Looking into the money, let me first point out that it is a confusing scenario. McDaniel's article or a look at Yoan Moncada on MLBTradeRumors.com are the best ways to get the most clear cut information. Essentially, it all comes down to timing for some teams. Despite having already been declared a free agent, Moncada has to wait to be cleared by the US Office of Foreign Assets Control. When that occurs could determine who strikes first, but either way, the Phillies could, and should, be heavily involved.
Based on the rules of MLB's bonus pools, Moncada will receive a large signing bonus when he does eventually sign. The estimated $30-40 million deal will become close to $80 million when the taxes and penalties are considered. He will also likely receive a seven year deal, but it could go longer when negotiations intensify. So, let's say the Phillies make the leap and sign Moncada for eight seasons. Assuming the first year is spent in the minor leagues, it primes the Cuban to make his major league debut in 2017, just in time for the team's return to contention. But will the Phillies really be prepared by then?
Without delving too deep into possibilities, take a look at the free agencies in the next two seasons (2016, 2017). Following the 2015 season, names like David Price, Jordan Zimmermann, and Doug Fister are all set to hit the free agent market. Assuming the Phillies hang on to Cole Hamels and sign one of those guys, a rotation headed by Hamels, Price/Zimmermann/Fister, and Cliff Lee (depending on injuries and options and my high hopes) becomes quite formidable. Couple that with young names like Aaron Nola, and you have a steady starting five.

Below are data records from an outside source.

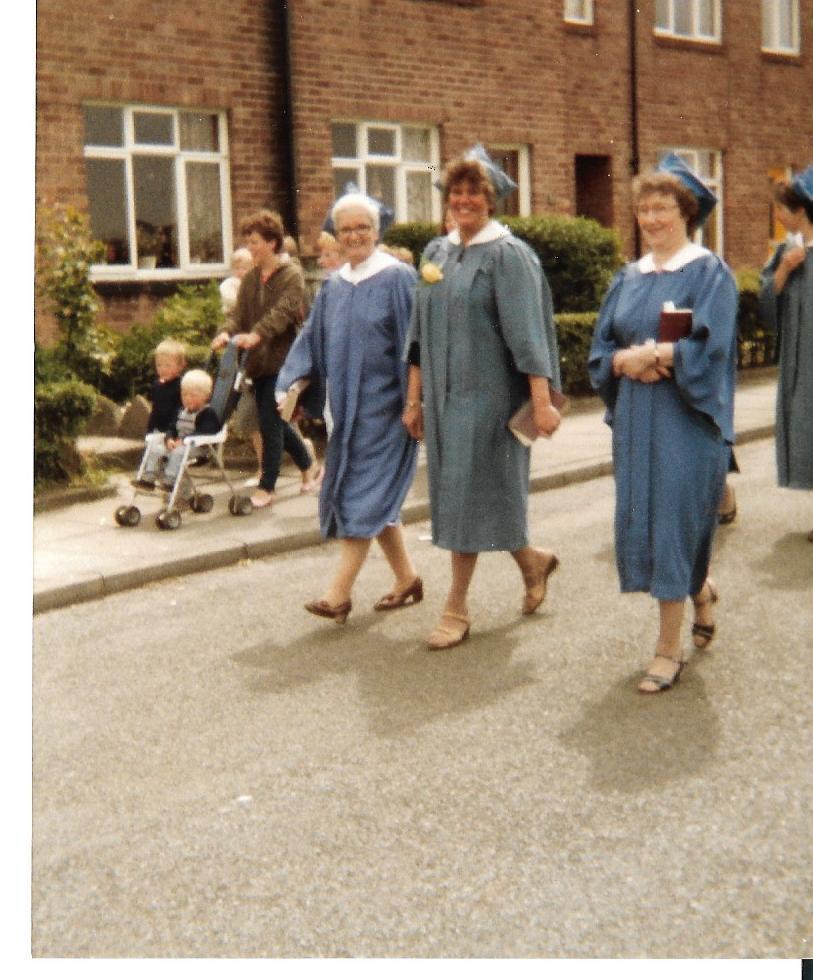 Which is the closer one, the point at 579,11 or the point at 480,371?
the point at 480,371

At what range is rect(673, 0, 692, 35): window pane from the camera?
19641mm

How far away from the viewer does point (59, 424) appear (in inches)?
331

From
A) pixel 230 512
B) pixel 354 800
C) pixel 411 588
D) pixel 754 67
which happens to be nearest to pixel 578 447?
pixel 230 512

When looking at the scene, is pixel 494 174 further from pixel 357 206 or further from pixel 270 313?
pixel 270 313

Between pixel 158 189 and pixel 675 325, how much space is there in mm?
8753

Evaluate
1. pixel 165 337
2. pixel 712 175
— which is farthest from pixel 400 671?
pixel 712 175

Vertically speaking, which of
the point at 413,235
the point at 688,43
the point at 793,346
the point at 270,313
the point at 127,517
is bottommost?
the point at 127,517

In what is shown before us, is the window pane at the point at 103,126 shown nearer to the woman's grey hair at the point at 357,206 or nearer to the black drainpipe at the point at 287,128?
the black drainpipe at the point at 287,128

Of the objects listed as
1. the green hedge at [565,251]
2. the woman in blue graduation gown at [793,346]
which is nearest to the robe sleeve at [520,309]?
the woman in blue graduation gown at [793,346]

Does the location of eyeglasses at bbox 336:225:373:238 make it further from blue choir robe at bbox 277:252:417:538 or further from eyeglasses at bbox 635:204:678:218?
eyeglasses at bbox 635:204:678:218

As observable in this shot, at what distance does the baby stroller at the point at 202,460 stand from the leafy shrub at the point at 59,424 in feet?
1.21

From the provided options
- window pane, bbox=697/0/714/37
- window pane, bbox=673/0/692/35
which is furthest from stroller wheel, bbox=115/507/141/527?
window pane, bbox=697/0/714/37

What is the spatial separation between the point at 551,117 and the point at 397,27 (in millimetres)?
2773

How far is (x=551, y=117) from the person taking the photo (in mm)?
17250
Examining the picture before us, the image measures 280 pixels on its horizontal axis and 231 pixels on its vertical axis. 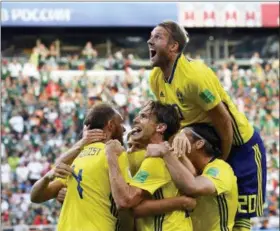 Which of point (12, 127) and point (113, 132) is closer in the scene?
point (113, 132)

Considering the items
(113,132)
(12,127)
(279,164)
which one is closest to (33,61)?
(12,127)

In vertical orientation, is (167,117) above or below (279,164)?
above

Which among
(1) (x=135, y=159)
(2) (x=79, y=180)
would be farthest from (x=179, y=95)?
(2) (x=79, y=180)

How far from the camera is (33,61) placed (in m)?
20.8

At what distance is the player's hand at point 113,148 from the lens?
487 cm

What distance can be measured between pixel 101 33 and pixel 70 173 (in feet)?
62.1

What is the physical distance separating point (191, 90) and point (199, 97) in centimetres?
8

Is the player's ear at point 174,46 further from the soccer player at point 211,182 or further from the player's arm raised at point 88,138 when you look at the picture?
the player's arm raised at point 88,138

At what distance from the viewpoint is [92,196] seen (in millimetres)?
4953

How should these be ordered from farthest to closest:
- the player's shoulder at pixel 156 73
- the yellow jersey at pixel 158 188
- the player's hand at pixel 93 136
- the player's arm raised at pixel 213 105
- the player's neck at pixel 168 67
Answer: the player's shoulder at pixel 156 73, the player's neck at pixel 168 67, the player's arm raised at pixel 213 105, the player's hand at pixel 93 136, the yellow jersey at pixel 158 188

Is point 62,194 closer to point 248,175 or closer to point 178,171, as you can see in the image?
point 178,171

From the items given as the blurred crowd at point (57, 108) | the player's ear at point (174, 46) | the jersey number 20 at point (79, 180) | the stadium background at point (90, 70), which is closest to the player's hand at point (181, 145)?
the jersey number 20 at point (79, 180)

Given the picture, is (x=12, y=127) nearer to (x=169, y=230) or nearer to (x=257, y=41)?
(x=257, y=41)

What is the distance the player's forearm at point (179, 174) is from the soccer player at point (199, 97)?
0.82 metres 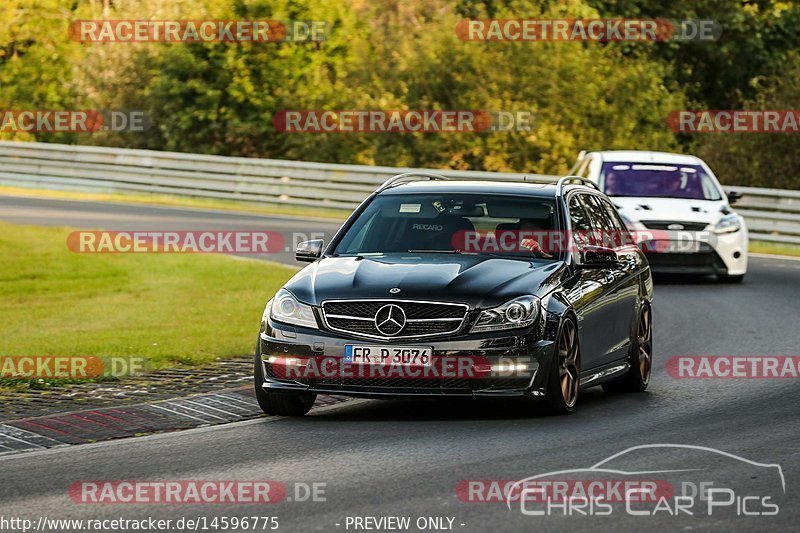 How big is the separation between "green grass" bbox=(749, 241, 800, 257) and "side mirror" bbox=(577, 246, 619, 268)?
16.5 meters

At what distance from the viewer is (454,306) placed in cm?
1056

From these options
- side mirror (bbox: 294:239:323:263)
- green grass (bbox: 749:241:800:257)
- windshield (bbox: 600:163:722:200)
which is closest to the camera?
side mirror (bbox: 294:239:323:263)

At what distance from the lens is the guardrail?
3409 cm

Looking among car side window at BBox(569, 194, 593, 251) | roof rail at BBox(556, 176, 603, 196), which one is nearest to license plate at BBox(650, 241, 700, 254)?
roof rail at BBox(556, 176, 603, 196)

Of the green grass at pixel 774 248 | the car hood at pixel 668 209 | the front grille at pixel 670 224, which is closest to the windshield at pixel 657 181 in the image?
the car hood at pixel 668 209

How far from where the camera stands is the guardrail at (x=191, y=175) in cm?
3409

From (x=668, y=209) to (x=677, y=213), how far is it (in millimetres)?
134

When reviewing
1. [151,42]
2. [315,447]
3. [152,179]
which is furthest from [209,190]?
[315,447]

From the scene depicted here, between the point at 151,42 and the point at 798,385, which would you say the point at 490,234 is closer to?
the point at 798,385

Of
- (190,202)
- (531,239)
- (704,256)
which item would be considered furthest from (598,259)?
(190,202)

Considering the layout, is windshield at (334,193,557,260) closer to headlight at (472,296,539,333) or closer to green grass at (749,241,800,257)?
headlight at (472,296,539,333)

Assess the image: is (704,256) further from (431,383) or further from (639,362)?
(431,383)

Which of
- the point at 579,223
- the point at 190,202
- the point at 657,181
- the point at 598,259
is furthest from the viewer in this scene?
the point at 190,202

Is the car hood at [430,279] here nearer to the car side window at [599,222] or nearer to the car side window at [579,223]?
the car side window at [579,223] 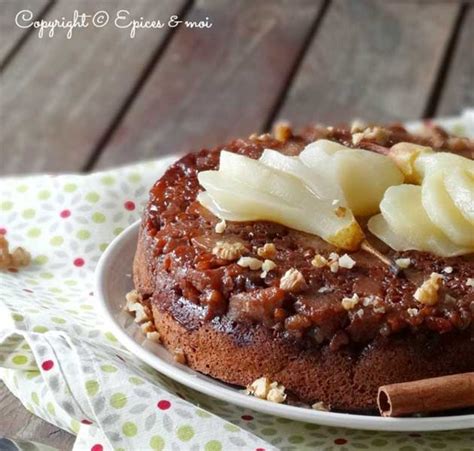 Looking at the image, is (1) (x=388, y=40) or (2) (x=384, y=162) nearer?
(2) (x=384, y=162)

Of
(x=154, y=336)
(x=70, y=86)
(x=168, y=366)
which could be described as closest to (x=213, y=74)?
(x=70, y=86)

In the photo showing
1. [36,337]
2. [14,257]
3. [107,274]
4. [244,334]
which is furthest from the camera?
[14,257]

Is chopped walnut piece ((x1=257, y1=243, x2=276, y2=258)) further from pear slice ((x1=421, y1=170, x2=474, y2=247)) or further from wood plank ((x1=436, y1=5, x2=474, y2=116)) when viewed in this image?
wood plank ((x1=436, y1=5, x2=474, y2=116))

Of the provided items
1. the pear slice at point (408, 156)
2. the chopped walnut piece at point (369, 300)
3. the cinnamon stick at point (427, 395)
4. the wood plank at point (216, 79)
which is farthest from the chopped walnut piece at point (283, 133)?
the wood plank at point (216, 79)

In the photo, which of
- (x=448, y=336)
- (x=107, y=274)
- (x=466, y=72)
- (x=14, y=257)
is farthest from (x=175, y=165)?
(x=466, y=72)

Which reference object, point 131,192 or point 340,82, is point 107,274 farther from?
point 340,82

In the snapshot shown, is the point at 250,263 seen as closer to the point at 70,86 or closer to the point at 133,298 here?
the point at 133,298

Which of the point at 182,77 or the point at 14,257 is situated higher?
the point at 182,77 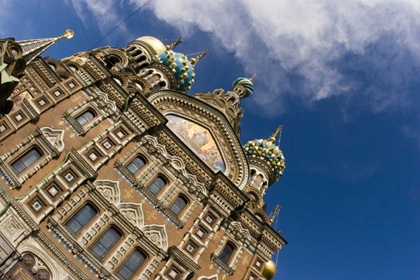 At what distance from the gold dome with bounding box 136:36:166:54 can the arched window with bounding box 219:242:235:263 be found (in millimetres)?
12032

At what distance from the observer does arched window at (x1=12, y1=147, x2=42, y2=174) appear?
12578 millimetres

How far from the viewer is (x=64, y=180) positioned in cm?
1302

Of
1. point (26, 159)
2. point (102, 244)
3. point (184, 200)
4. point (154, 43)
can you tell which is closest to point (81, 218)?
point (102, 244)

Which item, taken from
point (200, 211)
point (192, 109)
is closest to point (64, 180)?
point (200, 211)

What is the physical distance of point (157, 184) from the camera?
1527cm

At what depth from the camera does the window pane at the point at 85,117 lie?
1480 cm

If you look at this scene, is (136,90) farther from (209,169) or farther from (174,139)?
(209,169)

Meanwhile, plenty of offensive players are due to hit free agency in those years, including Justin Upton, Jason Heyward, Carlos Gomez, and Jonathan Lucroy. Nothing is sure, as each of these guys could sign extensions with their current clubs. However, the possibility of one or two of those outfielders, plus a catcher and a number two starting pitcher signing in those next few seasons is real, and could lead to some drastic changes.
Thus far, Mocada has had private workouts with a couple of teams, including the San Francisco Giants. They, along with the Los Angeles Dodgers and the Miami Marlins, have jumped up as favorites for his services. However, it sounds as the signing will not take place until the season is underway, leaving room for several more teams to get involved.

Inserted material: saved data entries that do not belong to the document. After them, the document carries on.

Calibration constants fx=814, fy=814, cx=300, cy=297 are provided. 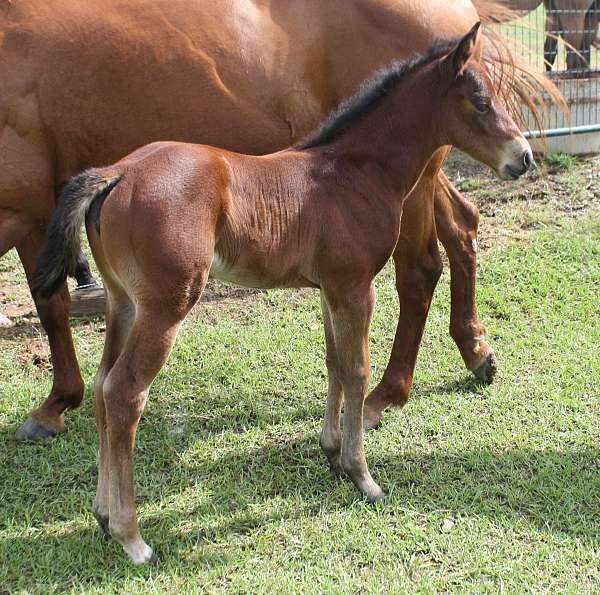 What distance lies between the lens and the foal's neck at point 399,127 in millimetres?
3512

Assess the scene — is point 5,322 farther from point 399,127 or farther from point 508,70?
point 508,70

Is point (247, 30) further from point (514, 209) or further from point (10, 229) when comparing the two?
point (514, 209)

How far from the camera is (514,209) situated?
6.93 metres

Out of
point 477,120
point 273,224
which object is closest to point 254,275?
point 273,224

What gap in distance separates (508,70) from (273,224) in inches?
95.9

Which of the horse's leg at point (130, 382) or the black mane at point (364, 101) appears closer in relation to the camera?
A: the horse's leg at point (130, 382)

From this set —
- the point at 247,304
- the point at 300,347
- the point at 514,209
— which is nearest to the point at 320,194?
the point at 300,347

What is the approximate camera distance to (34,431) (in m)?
4.18

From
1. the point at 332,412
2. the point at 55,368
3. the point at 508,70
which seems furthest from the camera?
the point at 508,70

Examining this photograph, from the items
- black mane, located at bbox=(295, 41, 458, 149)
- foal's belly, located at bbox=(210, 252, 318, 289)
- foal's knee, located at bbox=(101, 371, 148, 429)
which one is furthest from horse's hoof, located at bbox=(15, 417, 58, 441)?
black mane, located at bbox=(295, 41, 458, 149)

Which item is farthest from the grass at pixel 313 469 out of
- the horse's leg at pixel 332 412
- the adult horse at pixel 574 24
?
the adult horse at pixel 574 24

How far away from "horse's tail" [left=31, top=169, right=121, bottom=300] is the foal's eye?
155 centimetres

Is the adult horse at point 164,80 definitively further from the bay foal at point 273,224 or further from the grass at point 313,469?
the bay foal at point 273,224

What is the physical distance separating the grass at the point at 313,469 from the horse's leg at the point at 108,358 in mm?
177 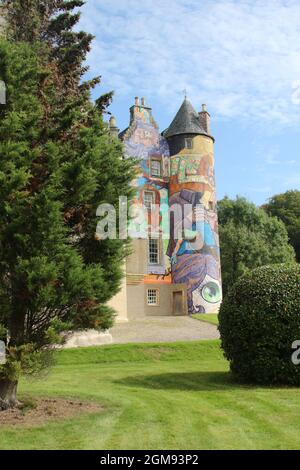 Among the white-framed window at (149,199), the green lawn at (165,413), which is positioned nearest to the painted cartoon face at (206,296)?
the white-framed window at (149,199)

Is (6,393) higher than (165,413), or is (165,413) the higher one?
(6,393)

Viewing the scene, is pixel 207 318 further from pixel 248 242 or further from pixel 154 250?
pixel 248 242

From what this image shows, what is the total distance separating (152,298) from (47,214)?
29560mm

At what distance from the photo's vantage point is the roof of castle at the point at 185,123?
3859 cm

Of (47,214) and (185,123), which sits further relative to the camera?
(185,123)

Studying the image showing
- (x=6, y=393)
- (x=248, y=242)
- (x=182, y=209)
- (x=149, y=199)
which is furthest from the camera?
(x=248, y=242)

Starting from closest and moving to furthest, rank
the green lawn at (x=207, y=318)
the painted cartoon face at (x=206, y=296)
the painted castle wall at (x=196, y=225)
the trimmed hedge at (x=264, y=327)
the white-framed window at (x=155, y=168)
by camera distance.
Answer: the trimmed hedge at (x=264, y=327)
the green lawn at (x=207, y=318)
the painted cartoon face at (x=206, y=296)
the painted castle wall at (x=196, y=225)
the white-framed window at (x=155, y=168)

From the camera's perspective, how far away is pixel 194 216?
37031 millimetres

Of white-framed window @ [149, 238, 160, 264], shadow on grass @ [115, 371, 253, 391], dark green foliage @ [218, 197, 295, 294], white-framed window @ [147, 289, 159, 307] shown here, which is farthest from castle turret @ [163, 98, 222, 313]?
shadow on grass @ [115, 371, 253, 391]

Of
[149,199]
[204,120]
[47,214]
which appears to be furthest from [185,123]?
[47,214]

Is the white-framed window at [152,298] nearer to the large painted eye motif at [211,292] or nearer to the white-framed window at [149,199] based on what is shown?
the large painted eye motif at [211,292]

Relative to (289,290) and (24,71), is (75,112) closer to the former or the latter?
(24,71)

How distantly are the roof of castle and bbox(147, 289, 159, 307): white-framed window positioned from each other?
11.9m

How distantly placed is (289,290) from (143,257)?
2385 centimetres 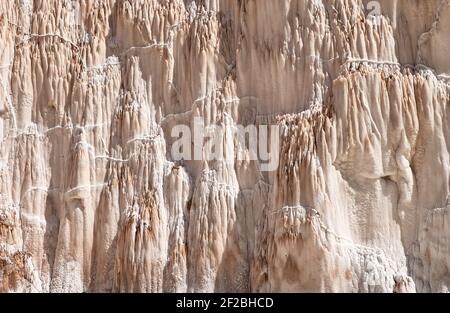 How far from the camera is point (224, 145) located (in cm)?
1239

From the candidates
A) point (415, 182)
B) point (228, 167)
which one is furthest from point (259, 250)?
point (415, 182)

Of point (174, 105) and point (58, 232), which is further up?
point (174, 105)

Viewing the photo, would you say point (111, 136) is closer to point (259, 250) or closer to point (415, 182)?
point (259, 250)

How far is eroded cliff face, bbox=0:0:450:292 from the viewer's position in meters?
11.5

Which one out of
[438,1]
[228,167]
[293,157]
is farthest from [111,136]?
[438,1]

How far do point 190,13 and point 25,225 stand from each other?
3.83 meters

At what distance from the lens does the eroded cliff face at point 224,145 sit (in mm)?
11539

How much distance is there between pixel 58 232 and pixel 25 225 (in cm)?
47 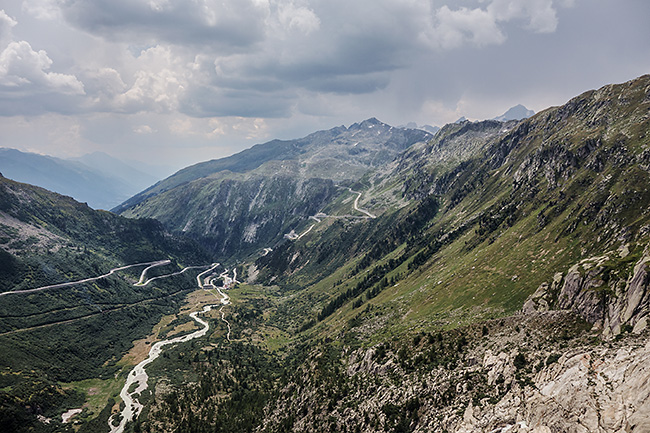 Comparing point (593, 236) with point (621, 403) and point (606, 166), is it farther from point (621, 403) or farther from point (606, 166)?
point (621, 403)

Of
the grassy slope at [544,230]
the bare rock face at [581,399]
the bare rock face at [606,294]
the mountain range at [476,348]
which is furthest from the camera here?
the grassy slope at [544,230]

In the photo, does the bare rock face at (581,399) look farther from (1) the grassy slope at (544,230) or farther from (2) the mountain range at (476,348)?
(1) the grassy slope at (544,230)

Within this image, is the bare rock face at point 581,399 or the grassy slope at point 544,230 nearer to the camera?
the bare rock face at point 581,399

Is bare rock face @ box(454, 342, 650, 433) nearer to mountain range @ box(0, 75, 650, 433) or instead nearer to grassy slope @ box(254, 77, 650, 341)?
mountain range @ box(0, 75, 650, 433)

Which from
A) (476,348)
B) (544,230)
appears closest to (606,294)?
(476,348)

If you haven't taken noticed, there are a ton of "if's" regarding the Phillies' current situation. The next couple of seasons are going to be less-than-exciting, to say the least. But, bringing in the talents of Yoan Moncada could be the big jump the organization takes toward a return to their former glory. With the minor league system slowly regaining some of its respect, and the idea of signing a huge Cuban star, perhaps fans have more to be excited about than previously believed.